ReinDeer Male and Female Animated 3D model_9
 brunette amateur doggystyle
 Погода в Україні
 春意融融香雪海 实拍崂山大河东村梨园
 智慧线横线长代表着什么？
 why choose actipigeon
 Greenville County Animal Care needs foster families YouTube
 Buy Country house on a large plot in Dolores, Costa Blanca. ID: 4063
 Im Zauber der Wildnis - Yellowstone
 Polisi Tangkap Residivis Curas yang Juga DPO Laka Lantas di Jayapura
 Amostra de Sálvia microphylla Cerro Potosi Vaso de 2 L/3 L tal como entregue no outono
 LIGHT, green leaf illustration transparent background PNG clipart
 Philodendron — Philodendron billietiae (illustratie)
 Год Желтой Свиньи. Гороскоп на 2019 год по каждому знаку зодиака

- - - - - - -

▶ **Prompt**:
The listing above has to be written out again in full, exactly as shown.

▶ **Answer space**:
ReinDeer Male and Female Animated 3D model_9
 brunette amateur doggystyle
 Погода в Україні
 春意融融香雪海 实拍崂山大河东村梨园
 智慧线横线长代表着什么？
 why choose actipigeon
 Greenville County Animal Care needs foster families YouTube
 Buy Country house on a large plot in Dolores, Costa Blanca. ID: 4063
 Im Zauber der Wildnis - Yellowstone
 Polisi Tangkap Residivis Curas yang Juga DPO Laka Lantas di Jayapura
 Amostra de Sálvia microphylla Cerro Potosi Vaso de 2 L/3 L tal como entregue no outono
 LIGHT, green leaf illustration transparent background PNG clipart
 Philodendron — Philodendron billietiae (illustratie)
 Год Желтой Свиньи. Гороскоп на 2019 год по каждому знаку зодиака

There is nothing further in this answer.